Just started looking into getting a prime. I am here in Australia but over here they only sell the prime with the dock and that prices it out of my range...

I was wondering if anyone knows what the difference is between the us and international version? Ie. I hear that for some reason there is no issue at all for the Wifi and gps on international version but there is on the us versions...

Is the Wifi gps issue fixed on the prime us versions yet?

Thanks

Sent from my Galaxy Nexus using RootzWiki


----------



## nattylite (Jan 27, 2012)

Wifi is so-so.....it's the range that i have a problem with...but the connection is usually fast and stable
GPS improves with the new ics updates but getting a lock is slow sometimes but it doesn't matter to me because why would i use a 10" gps when i have my phone

As for the US vs international versions....i don't know it there are any major difference (feel free to correct me) except the firmware b/c there are US specific standards for wifi freq and stuff like that


----------



## Col. Kernel (Nov 20, 2011)

The GPS isn't GOING to be fixed on US devices. Asus has removed it from the US spec sheet.


----------



## buxtahuda (Jan 31, 2012)

Col. Kernel said:


> The GPS isn't GOING to be fixed on US devices. Asus has removed it from the US spec sheet.


Truth. And be prepared for units that have no functioning GPS at all, from all serial numbers but I think mostly the new C1's.

I have the 64 GB Champagne, North America, C1 serial. Very light screen bleed in a couple spots, worst one just a .5" x .5" area in the top-right corner (held upright landscape) that's only noticeably in the boot screen. Haven't even been able to notice it with dark wallpapers and such.

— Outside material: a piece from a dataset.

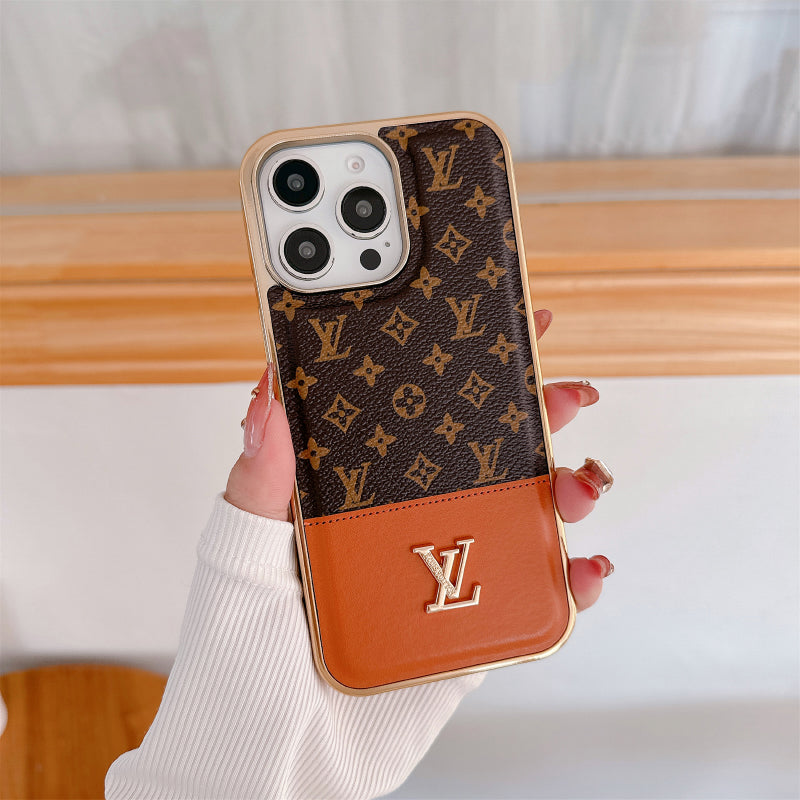Monogram leather iPhone case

No GPS at all as stated above, good WiFi that will reach ~30ft through brick/sheetrock and cars (though low signal of course, enough to stream with), BT that I haven't had much chance to extensively test but that doesn't seem to affect WiFi, and I'm seriously questioning my accelerometer/gyroscope integrity as it just doesn't feel as fluid as I would expect.

That I'm aware, there is no difference from region to region, only serial to serial (and with huge fluctuations within them).


----------